The tally, according to unofficial results posted Tuesday night by the Albany County Board of Elections, is 291 for Cleary to 269 for Miller, with nine write-in votes.

Miller said that the list from the board of elections he had been sent on Wednesday morning showed 56 absentee ballots had been sent out and so far 39 had been returned — more than the 22-vote margin putting Cleary ahead. Cleary said the absentee ballots will be counted on July 2.

In Guilderland’s District 30, Dustin Reidy had a clear victory over Steven Wickham. Reidy garnered 319 votes, just over 60 percent, to Wickham’s 206 votes or 39 percent.

Both men are progressive liberals, and each was making his first run for office.
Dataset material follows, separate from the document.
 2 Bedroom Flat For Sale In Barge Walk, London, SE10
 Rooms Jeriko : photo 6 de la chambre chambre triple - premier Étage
The Westmere district had been represented by Bryan Clenahan, who left at the end of 2018 to become a Guilderland town judge, with one year remaining in his term. Charles D. Cahill Jr. was appointed to fill out Clenahan’s term but is not seeking re-election.

In November, Reidy will face Peter Golden who is running on the Republican line to represent District 30. Golden is an author and former Guilderland School Board member.

Reidy, 39, worked in issue advocacy and has helped manage and run voter outreach and election campaigns.

Reidy founded NY19Votes after the 2016 election to help bring together and train new activists that formed through the Women’s March and Indivisible movement. Reidy has said that NY19Votes was a “big part” of helping Democrat Antonio Delgado beat Republican John Faso in New York’s 19th Congressional District. Reidy also served as campaign manager to Democrat Pat Strong in her unsuccessful bid last year to unseat Republican incumbent George Amedore in the State Senate’s District 46.

Asked to what he attributed his primary victory, Reidy said on Wednesday, “I knocked on doors with volunteers from Feb. 26 to 7:30, 8 o’clock last night.”

Wickham, too, said, in a recent letter to the Enterprise editor, that he had personally met nearly 1,000 residents of Westmere, and both candidates had submitted petitions with 500 signatures.

“He’s an incredibly classy opponent and friend,” Reidy said of Wickham, who could not be reached for comment. “I don’t think any two candidates in the county worked as hard as we did.”

In his campaigning in Westmere, Reidy said, he learned “development is the number-one issue out there.”

If he’s elected in the fall, Reidy said, “I want to do more to bring government to voters … I’d love to have town halls on a regular basis.”

He also wants to empower residents to “connect with one another and learn to mobilize so their voices are heard.”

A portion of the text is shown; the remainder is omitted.